Exxon Mobil Corporation (XOM.N) has reported a better-than-expected profit of $36 billion for the fiscal year 2023, buoyed by fuels trading and increased oil and gas production. Despite a 35% decrease in annual income, the results exceeded market projections. The oil major’s strong performance comes amid a broader trend of oil majors experiencing a decline in profits in 2023 compared to the record levels of 2022.
The annual results included a $2.5 billion impairment charge for California properties, contributing to the overall 35% decline in income. Exxon’s move to buy rival Pioneer Natural Resources (PXD.N) and Chevron’s proposal to purchase Hess Corp (HES.N) are seen as strategic steps to bolster their positions in the energy market.
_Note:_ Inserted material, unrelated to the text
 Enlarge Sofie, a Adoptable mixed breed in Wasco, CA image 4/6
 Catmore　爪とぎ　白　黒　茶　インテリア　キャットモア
In the fourth quarter, Exxon reported a better-than-expected profit of $9.96 billion, driven by higher trading profits in its fuels business and increased oil and gas production in the U.S. and Guyana. The company’s trading division played a crucial role, delivering a $1.1 billion boost to operating profit from its fuels business.
Brent crude futures averaged $82.85 a barrel in the fourth quarter, contributing to Exxon’s strong quarterly performance. The company’s Chief Financial Officer, Kathryn Mikells, highlighted the positive impact of Exxon’s trading division, emphasizing its contribution to ongoing results.
Exxon’s capital spending for the year reached $26.32 billion, driven by projects in Guyana and the Permian Basin. Despite the challenges faced by the energy sector, Exxon distributed $32 billion to shareholders via buybacks and dividends in the past year.
Looking ahead, Exxon plans $23 billion to $25 billion in capital spending for the current year as it prepares for projects scheduled for 2025. The company’s financial results indicate resilience in the face of market fluctuations and a commitment to returning value to shareholders.